Politico reports that the Senate tonight failed to break a filibuster over the Tax Extenders bill which now includes a 2.2% increase in Medicare Part B reimbursements to doctors through November and does not include an extension of the COBRA/TCC subsidy program which expired on May 31, 2010. This means that CMS contractors will begin to process Medicare Part B physician claims incurred in June with the statutorily prescribed 21.3% cut. With respect to the COBRA/TCC subsidy program, Business Insurance reports that
An amendment to the tax bill proposed by Sen. Robert Casey, D-Pa., would extend the subsidy to employees laid off through Nov. 30. But the Senate has not yet taken up the Casey amendment, which faces an uphill battle to win approval as Senate Democratic leaders look for ways to reduce the cost of the overall bill.
There’s a good chance that the COBRA/TCC subsidy program is over.
I learned from a Wall Street Journal article that the feud between CVS Caremark and Walgreen’s Pharmacies continues.
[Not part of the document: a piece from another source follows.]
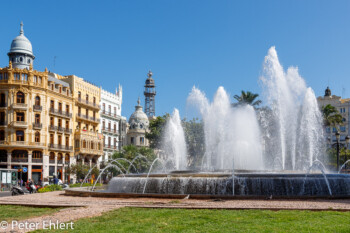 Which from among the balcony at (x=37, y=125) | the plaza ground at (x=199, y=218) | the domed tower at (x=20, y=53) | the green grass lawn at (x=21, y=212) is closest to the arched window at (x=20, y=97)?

The two pharmacy giants have been publicly quarreling for more than a week, following Walgreen’s announcement last Monday it was pulling its 7,500 stores from CVS Caremark’s network of 64,000 pharmacies beginning next year. But two days later CVS Caremark said it planned to drop Walgreen by July 9.
If no compromise between the two is struck before then, most CVS Caremark patients would be blocked from filling their prescriptions at Walgreen’s and its recently acquired Duane Reade stores. Medicare plans would be affected starting in January.
Don’t overlook this Bloomberg Businessweek article which reports on a RAND study which found that “Cuts in Medicare payments to doctors who administer outpatient chemotherapy drugs actually led to an increase in treatment rates among Medicare recipients.”